== Data for processing ==
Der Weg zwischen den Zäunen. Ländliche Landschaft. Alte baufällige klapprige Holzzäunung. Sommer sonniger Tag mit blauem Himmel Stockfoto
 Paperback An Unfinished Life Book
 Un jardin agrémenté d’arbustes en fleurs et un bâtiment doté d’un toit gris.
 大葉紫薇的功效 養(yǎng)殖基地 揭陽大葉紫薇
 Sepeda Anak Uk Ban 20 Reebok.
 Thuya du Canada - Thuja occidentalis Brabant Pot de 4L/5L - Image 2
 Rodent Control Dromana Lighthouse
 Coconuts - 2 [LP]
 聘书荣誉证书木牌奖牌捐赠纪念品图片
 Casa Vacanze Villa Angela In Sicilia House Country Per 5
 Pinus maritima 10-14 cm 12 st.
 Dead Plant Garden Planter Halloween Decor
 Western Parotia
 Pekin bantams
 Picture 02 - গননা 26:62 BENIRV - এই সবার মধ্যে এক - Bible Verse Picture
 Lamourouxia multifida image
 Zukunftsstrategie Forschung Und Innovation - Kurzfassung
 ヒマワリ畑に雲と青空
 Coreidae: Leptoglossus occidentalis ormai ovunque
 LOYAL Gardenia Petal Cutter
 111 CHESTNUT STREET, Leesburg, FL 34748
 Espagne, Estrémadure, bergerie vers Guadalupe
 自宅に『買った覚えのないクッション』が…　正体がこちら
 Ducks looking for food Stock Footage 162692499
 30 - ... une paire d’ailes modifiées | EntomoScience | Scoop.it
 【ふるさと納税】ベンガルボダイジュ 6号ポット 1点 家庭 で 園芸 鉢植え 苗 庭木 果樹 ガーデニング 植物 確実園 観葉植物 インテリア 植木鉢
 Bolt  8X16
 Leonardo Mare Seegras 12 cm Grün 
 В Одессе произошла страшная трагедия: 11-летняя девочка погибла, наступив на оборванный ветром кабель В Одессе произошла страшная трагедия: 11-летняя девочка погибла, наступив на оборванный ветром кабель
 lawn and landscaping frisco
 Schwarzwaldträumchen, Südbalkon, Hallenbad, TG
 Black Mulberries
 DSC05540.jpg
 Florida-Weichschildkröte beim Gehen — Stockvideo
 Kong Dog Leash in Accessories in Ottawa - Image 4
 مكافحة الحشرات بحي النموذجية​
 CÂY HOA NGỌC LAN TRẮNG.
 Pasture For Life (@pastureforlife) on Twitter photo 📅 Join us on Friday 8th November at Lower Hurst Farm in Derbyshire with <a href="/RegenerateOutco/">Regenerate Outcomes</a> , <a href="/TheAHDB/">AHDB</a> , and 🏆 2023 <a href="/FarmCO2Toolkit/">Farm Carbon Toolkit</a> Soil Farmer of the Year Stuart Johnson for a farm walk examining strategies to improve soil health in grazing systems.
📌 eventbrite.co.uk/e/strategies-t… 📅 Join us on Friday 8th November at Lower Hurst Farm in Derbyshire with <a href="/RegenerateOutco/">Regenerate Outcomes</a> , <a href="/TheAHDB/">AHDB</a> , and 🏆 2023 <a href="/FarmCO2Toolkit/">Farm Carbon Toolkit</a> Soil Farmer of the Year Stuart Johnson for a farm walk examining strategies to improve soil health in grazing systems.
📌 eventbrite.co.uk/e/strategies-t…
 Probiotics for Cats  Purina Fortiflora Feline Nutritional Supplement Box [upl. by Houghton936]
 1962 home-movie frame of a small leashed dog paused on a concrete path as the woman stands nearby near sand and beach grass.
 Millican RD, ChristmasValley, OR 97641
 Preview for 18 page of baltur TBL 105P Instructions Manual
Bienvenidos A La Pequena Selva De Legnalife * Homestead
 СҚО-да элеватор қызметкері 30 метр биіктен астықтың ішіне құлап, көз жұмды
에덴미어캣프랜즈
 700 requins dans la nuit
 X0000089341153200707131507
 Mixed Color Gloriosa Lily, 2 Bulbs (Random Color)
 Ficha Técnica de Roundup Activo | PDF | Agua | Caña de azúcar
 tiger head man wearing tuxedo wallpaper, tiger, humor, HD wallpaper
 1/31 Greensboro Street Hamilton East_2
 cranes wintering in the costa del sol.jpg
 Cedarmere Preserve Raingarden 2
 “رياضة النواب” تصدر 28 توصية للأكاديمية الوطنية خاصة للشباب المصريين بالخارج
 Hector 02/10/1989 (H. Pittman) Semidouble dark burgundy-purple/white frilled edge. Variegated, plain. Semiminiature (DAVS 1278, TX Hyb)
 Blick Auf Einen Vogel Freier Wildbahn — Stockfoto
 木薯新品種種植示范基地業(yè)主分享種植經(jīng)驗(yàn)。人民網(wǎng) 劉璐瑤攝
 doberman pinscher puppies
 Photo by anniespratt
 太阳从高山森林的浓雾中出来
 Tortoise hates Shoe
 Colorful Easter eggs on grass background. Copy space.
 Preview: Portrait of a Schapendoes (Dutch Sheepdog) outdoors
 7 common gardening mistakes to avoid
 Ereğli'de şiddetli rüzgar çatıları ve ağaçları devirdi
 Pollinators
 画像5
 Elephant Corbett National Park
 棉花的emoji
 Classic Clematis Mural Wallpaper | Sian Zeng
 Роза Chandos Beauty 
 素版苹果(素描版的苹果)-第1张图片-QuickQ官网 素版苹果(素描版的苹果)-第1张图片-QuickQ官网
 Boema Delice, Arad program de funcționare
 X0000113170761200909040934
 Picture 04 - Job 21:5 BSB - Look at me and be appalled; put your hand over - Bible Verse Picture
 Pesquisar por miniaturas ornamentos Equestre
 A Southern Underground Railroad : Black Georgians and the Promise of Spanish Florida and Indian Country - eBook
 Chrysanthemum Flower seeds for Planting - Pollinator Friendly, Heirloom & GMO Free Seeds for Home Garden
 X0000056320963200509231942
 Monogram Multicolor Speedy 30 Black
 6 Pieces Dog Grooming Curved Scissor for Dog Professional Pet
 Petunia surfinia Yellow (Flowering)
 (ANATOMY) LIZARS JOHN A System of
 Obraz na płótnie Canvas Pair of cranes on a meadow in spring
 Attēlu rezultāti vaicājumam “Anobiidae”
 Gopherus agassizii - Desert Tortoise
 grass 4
===
= Your goal =
For every line of the records that has the word "Florida" in it, make a copy.

= Answer section =
 Florida-Weichschildkröte beim Gehen — Stockvideo
 A Southern Underground Railroad : Black Georgians and the Promise of Spanish Florida and Indian Country - eBook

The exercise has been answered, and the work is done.